As I know a lot of people are, I’ve been looking for something to do when I’m not working. And since I’m really bad at it, something to help provide some structure to my day so I’m not sending emails at 10pm. Also something that isn’t a screen, and doesn’t necessarily distract me from thinking and feeling and being still in some way. I don’t want to distract from all the sludge this experience is bringing up (read: fuck capitalism).
I first started with fermentables because an industry friend that makes cannabis infused probiotic chocolates gifted me with a set of mason jars, a masher, some glass weights, and easy ferment lids. Turns out, fermenting is WAY easier than I initially thought. It’s also something that my partner has a lot of experience in and is eager to participate in, and so fermenting produce doesn’t take up enough of my time, nor provide enough of that active meditation I’m looking for.
But I have been super excited by watching the CO2 bubbles rise from my jar – it’s truly chemical change in action and so I wanted to keep with the theme of fermenting. I read a bunch of Sandor Ellix Katz’ The Art of Fermentation and was drawn to a lot of things. Homemade soy sauce. Kombucha. Natto. Kvass. However none of these really provided me with something super tactile and furthermore, none truly required daily maintenance. Except for the soy sauce and damn that’s a little high maintenance for me right now. Maybe closer to the summer when the temperatures will be less finicky.
In an internet hole, I ended up watching a video of someone kneading clay for like an hour, which led me to bread kneading, which lead me to: sourdough. Except DON’T knead your sour dough. Maybe it was this clay video. Maybe it was a friend recommending a book titled Sourdough (which I have still yet to read) or maybe it’s just my brain’s dopamine hit when I think about that slightly tangy squish of a good sourdough loaf. My mouth actually salivates at “slightly tangy squish”. TMI?
So I made a starter, which seems really simple. You basically mix equal parts filtered water and unbleached flour and leave it out in a warm area covered with a towel. You pour off most of it each day and add fresh 1:1 ratio of flour to water to feed it. And there’s your starter. This has been perfect, something to feed daily and since I started it in the evening, I had a good ending point for my work day. It’s 6pm, it’s time to stop the computer and feed the starter. But then I got greedy and attempted some loaves super quickly. Thank you dopamine hits.

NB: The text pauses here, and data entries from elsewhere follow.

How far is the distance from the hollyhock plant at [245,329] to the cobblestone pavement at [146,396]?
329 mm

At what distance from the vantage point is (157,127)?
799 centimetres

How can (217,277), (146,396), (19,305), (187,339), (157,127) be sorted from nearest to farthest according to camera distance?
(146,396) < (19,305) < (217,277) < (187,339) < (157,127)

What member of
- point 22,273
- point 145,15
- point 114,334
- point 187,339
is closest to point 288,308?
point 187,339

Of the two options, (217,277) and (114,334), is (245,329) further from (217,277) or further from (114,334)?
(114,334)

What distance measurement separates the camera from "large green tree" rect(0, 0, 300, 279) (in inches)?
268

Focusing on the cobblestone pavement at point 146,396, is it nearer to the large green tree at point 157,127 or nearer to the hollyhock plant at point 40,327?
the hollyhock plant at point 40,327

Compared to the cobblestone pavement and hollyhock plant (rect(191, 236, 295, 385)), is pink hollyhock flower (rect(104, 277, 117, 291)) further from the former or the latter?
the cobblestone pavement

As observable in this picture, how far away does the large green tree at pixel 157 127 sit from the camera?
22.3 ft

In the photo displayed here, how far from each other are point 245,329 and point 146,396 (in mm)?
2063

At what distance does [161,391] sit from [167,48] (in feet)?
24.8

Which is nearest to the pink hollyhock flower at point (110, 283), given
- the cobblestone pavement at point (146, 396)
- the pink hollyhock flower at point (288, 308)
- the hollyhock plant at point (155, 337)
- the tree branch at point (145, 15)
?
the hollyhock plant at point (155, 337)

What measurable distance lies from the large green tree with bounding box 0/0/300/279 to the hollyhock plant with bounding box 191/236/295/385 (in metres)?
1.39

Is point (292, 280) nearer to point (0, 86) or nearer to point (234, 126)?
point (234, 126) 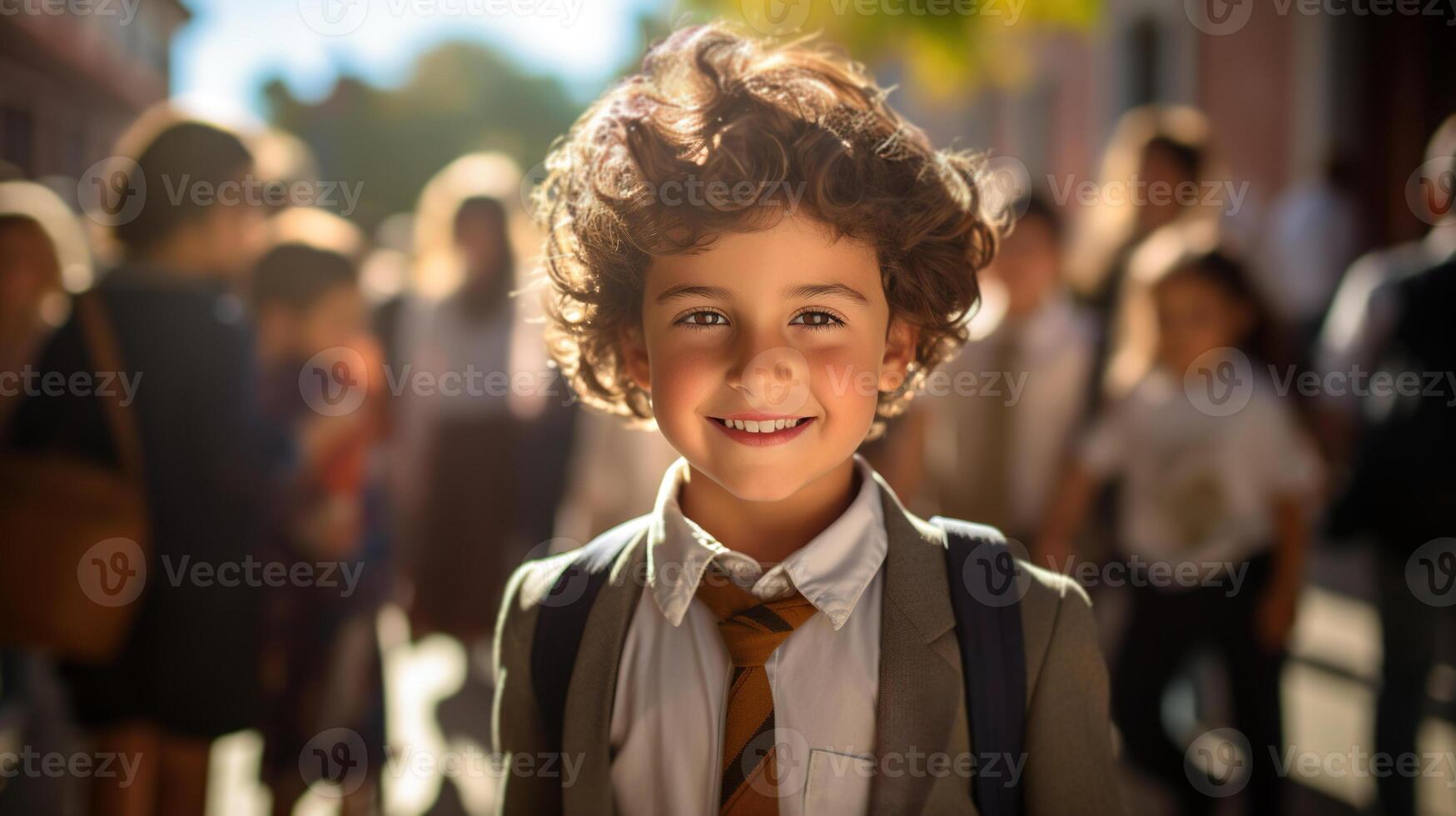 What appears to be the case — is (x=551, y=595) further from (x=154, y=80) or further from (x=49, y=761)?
(x=154, y=80)

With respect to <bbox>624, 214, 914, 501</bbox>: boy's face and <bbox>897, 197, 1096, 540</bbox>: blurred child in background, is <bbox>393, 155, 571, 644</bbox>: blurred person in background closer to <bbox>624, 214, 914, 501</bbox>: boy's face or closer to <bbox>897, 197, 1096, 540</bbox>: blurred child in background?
<bbox>897, 197, 1096, 540</bbox>: blurred child in background

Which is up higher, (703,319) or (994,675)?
(703,319)

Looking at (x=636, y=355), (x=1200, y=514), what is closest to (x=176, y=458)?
(x=636, y=355)

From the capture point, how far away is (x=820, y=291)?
1.50m

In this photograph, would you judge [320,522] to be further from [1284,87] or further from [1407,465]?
[1284,87]

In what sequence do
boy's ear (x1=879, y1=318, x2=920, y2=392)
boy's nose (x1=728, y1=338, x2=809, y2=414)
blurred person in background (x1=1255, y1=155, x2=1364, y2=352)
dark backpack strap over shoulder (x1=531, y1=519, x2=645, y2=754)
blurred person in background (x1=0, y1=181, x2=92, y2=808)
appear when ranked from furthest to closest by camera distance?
1. blurred person in background (x1=1255, y1=155, x2=1364, y2=352)
2. blurred person in background (x1=0, y1=181, x2=92, y2=808)
3. boy's ear (x1=879, y1=318, x2=920, y2=392)
4. dark backpack strap over shoulder (x1=531, y1=519, x2=645, y2=754)
5. boy's nose (x1=728, y1=338, x2=809, y2=414)

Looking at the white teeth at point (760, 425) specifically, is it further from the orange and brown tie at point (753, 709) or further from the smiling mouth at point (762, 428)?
the orange and brown tie at point (753, 709)

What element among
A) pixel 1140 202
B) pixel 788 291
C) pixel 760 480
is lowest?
pixel 760 480

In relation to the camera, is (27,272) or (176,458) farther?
(27,272)

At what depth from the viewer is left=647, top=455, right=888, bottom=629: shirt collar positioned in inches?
60.4

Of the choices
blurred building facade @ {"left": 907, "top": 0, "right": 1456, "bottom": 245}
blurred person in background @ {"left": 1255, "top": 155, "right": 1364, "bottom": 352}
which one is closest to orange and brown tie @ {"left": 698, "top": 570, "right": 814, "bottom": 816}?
blurred building facade @ {"left": 907, "top": 0, "right": 1456, "bottom": 245}

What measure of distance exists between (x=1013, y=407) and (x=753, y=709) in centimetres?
269

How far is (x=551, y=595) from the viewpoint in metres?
1.63

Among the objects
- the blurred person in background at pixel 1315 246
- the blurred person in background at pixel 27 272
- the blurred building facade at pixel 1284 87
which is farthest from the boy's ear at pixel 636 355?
the blurred person in background at pixel 1315 246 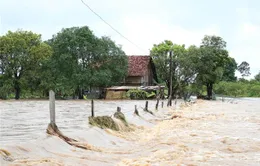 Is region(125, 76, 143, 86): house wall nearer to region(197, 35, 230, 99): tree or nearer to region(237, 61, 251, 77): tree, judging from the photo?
region(197, 35, 230, 99): tree

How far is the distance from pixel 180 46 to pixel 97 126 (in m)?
47.4

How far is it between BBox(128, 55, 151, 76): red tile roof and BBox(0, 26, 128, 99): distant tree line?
4429 millimetres

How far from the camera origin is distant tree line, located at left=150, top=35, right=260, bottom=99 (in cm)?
5591

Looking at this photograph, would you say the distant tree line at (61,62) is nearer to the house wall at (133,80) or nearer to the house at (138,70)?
the house at (138,70)

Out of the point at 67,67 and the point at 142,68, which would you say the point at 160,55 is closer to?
the point at 142,68

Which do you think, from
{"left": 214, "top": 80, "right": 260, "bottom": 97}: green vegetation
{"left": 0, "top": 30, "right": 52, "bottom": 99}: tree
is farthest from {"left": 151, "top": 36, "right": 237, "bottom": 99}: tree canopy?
{"left": 0, "top": 30, "right": 52, "bottom": 99}: tree

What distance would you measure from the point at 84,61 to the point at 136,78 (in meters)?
9.61

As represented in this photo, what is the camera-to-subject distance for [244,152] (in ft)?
34.9

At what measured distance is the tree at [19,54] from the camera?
46.5 m

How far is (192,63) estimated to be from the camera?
5478cm

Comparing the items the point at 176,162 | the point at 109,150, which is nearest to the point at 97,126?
the point at 109,150

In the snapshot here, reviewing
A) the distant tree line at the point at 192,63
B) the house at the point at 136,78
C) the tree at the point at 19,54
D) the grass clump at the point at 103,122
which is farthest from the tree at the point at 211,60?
the grass clump at the point at 103,122

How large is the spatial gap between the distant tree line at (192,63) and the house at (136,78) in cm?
259

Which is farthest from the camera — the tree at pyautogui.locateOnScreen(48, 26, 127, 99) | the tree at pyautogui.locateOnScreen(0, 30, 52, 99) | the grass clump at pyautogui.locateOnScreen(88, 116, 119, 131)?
the tree at pyautogui.locateOnScreen(48, 26, 127, 99) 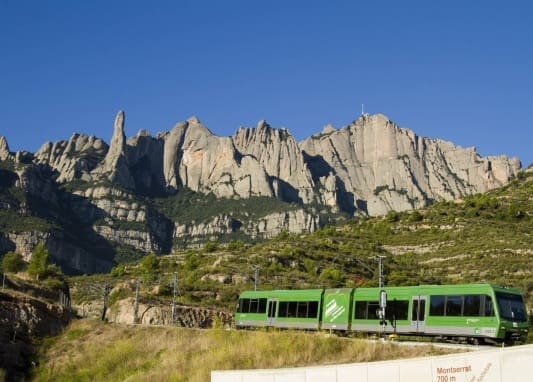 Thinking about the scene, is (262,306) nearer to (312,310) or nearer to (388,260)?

I followed a recipe I found on the internet that had good ratings. All was well until we had a virtual happy hour with friends and my Old Fashioned was too strong. Powered by whiskey confidence, I quickly read the directions, just went for it, and basically over-handled my dough, deflating it into a gloopy puddle. I still baked the loaves the next morning, albeit angrily while throwing tools around the kitchen. The resulting loaves were the most deliciously sour gluten-bricks I’ve ever had the privilege to spread fifteen dollar french butter on. With quickly full bellies and some fear in our hearts, we imbibed some Metamucil capsules chased with lots of water. I fed my starter and vowed to try again the next day. But then my starter seemed to be in trouble.
And now, even with that failure, sourdough is kind of all I can think about. On Tuesday I had to put a moratorium on it for a few days so I could actually focus on work and not googling and scribbling notes about what could have gone wrong anytime a thought popped into my head. I continued to feed my starter, still unsure about whether it was even active.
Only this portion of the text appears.